69 Ohio Law. Abs. 333 | Ohio Ct. App. | 1952
OPINION
In this appeal on questions of law from a judgment of the Probate Court of Scioto County, the appellant, Earl F. Glass, says that:
“1. The judgment and finding of the trial court is not sustained by sufficient evidence.
“2. The judgment and finding of the trial court is contrary to law.
“3. The trial court erred in the admission of the evidence offered by the appellees to .which the appellant objected.
“4. The judgment of the trial court should have been that the appellant, Earl F. Glass, was entitled to share in the distribution of the estate of Earl B. Glass, deceased.”
The record shows that Alma E. Glass, the widow of and administratrix of the estate of Earl B. Glass, filed her petition to determine heirship in the Probate Court, stating that Earl F. Glass, the appellant herein, was a claimant to a share of the estate of the decedent, but that his exact relationship was unknown.
Ruth Lewis, who filed an answer in the proceedings, is admitted, by all parties, to be a natural daughter of the deceased.
Earl F. Glass also filed an answer, and alleged therein that he is a son of Earl B. Glass, deceased.
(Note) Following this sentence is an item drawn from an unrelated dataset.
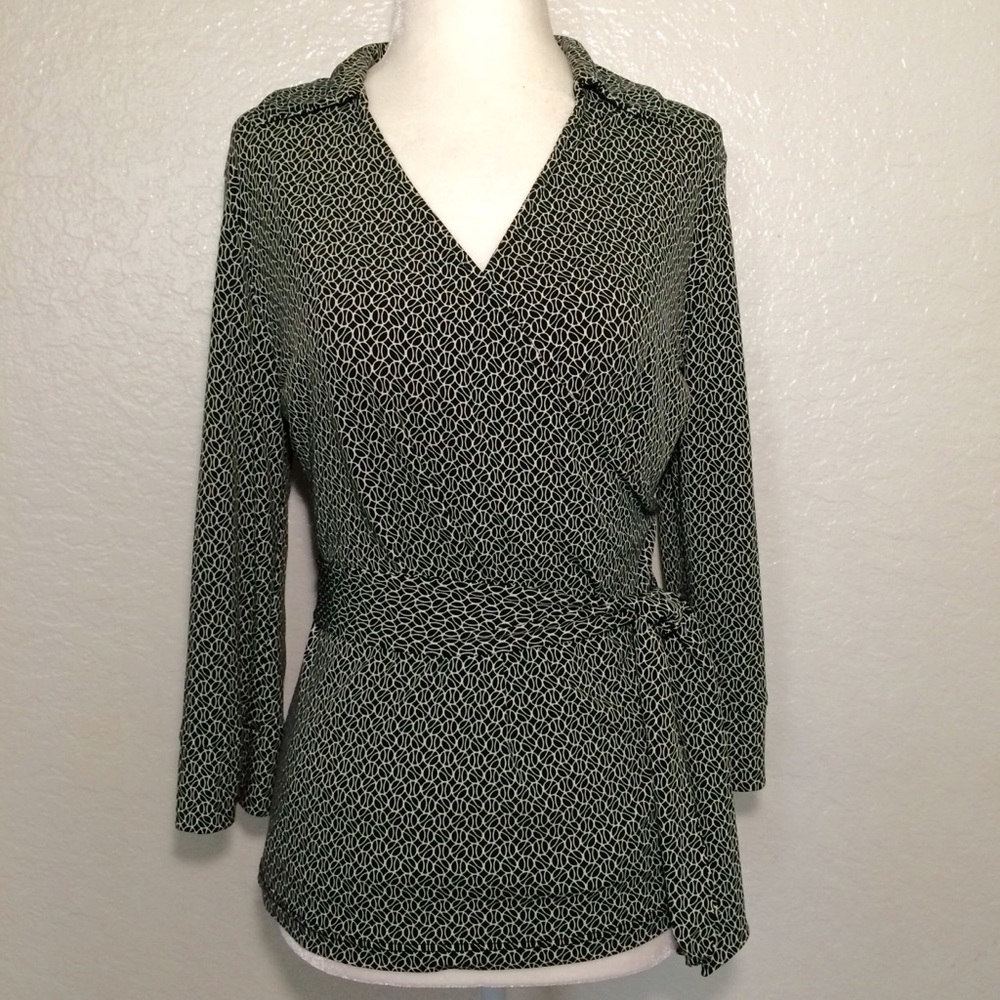 Worthington Stretch Black Geometric Wrap Belted M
The testimony presented at the trial was in conflict, but there was sufficient competent evidence to show that Earl F. Glass was brought into the home of Earl B. Glass by a former deceased wife, that she obtained the appellant from
The trial court had before it sufficient competent evidence to sustain this view of the evidence, and hence this court cannot say that the judgment is either manifestly against the weight of the evidence or contrary to law.
When Earl F. Glass needed a birth certificate for the purpose of obtaining work, Earl B. Glass and his first wife, whose name was also Alma, executed an affidavit stating that Earl F. Glass was their son.' It was upon the application of Earl F. Glass, supported by these affidavits, that a birth certificate was given to Earl F. Glass, showing him to be the son of Earl B. Glass.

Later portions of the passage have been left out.